PROVIDED MATERIAL
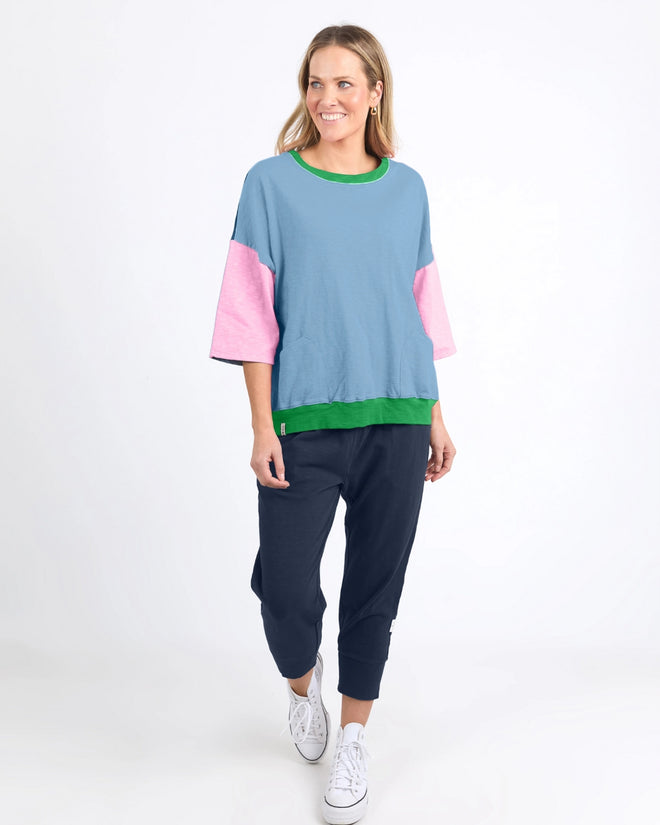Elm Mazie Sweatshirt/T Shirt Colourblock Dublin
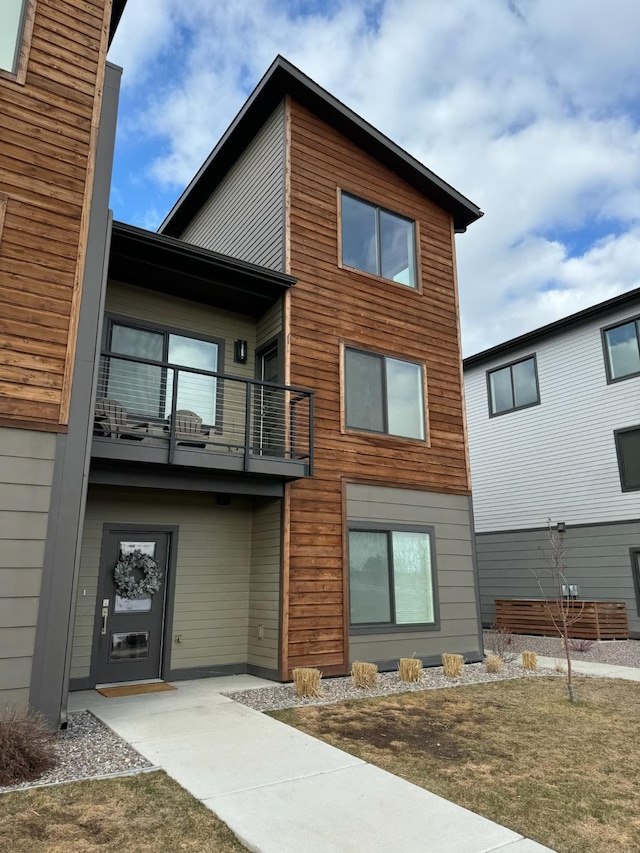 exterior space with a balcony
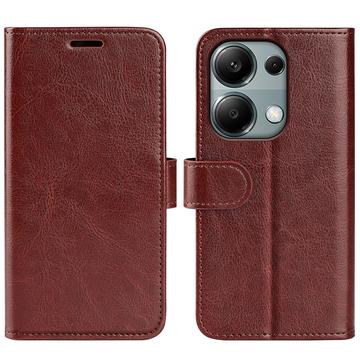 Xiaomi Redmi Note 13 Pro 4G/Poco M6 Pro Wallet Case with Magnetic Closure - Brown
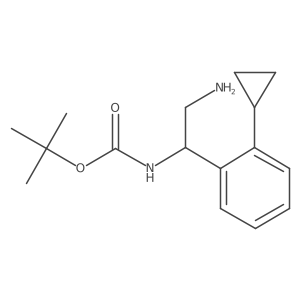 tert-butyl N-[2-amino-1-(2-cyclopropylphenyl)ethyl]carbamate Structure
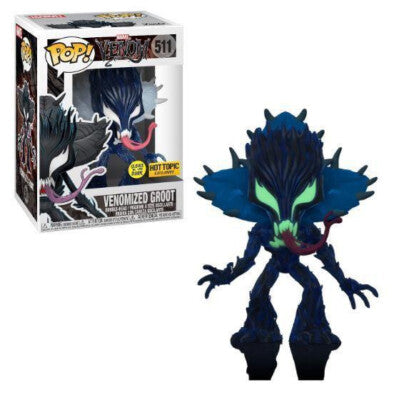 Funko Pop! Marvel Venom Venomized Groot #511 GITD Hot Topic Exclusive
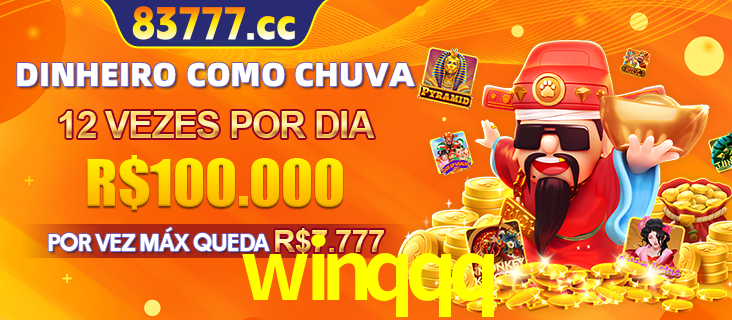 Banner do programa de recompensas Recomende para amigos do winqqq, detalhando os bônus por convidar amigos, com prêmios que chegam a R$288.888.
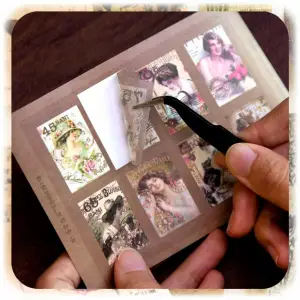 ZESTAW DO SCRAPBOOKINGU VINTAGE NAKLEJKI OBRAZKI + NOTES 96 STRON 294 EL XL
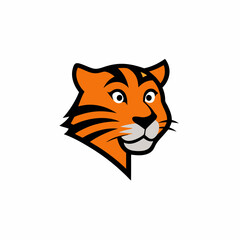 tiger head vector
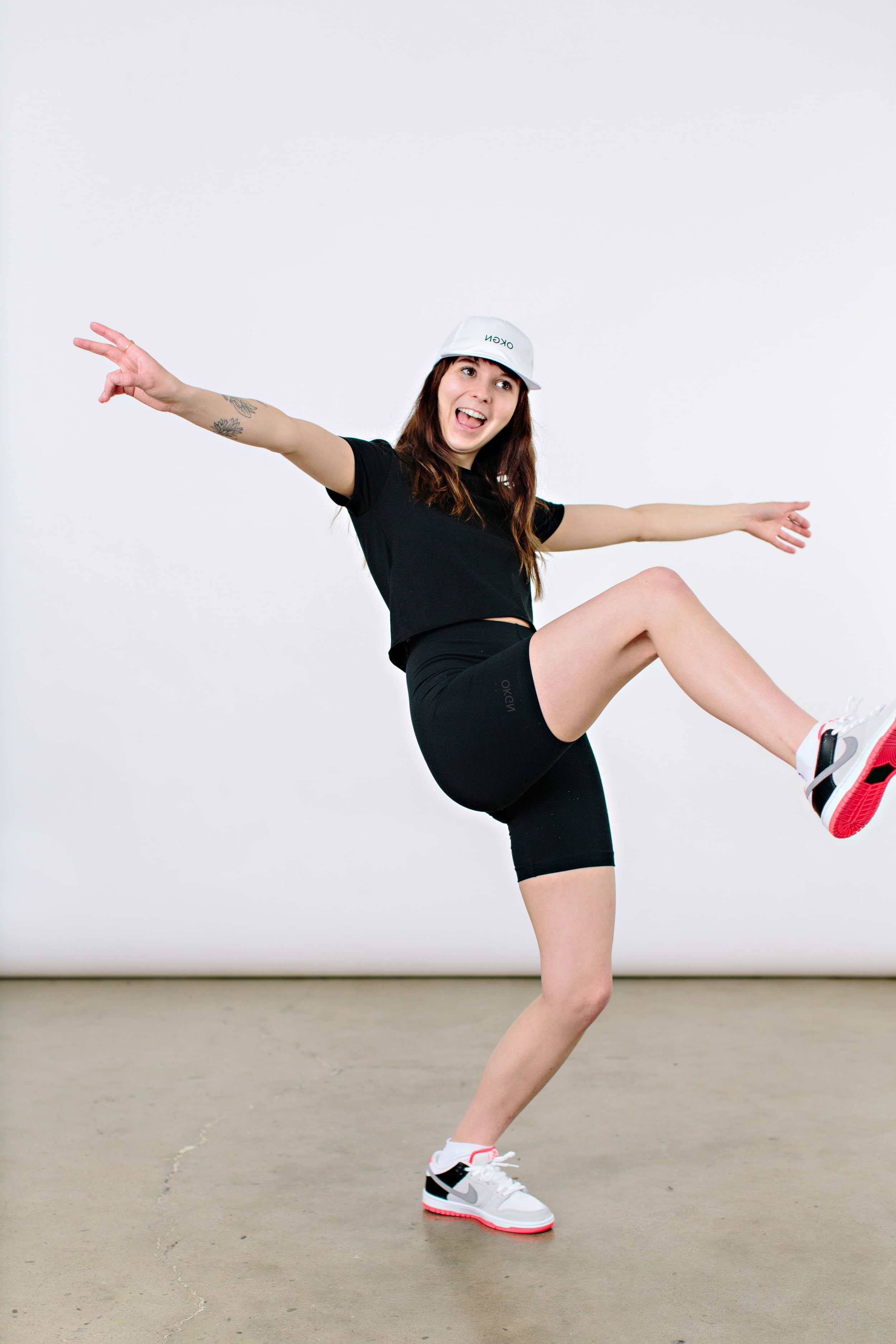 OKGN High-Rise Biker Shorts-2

==

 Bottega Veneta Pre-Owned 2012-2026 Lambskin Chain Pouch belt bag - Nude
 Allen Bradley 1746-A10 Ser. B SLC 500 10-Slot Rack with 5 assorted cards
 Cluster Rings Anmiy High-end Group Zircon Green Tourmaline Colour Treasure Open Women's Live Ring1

TASK DETAILS
The copy should hold exactly the lines above from the one with "Elm Mazie Sweatshirt/T" through the one with "OKGN High-Rise Biker Shorts-2", both ends counted, and no pictures at all.

SOLUTION FOR THIS PROBLEM
Elm Mazie Sweatshirt/T Shirt Colourblock Dublin
 exterior space with a balcony
 Xiaomi Redmi Note 13 Pro 4G/Poco M6 Pro Wallet Case with Magnetic Closure - Brown
 tert-butyl N-[2-amino-1-(2-cyclopropylphenyl)ethyl]carbamate Structure
 Funko Pop! Marvel Venom Venomized Groot #511 GITD Hot Topic Exclusive
 Banner do programa de recompensas Recomende para amigos do winqqq, detalhando os bônus por convidar amigos, com prêmios que chegam a R$288.888.
 ZESTAW DO SCRAPBOOKINGU VINTAGE NAKLEJKI OBRAZKI + NOTES 96 STRON 294 EL XL
 tiger head vector
 OKGN High-Rise Biker Shorts-2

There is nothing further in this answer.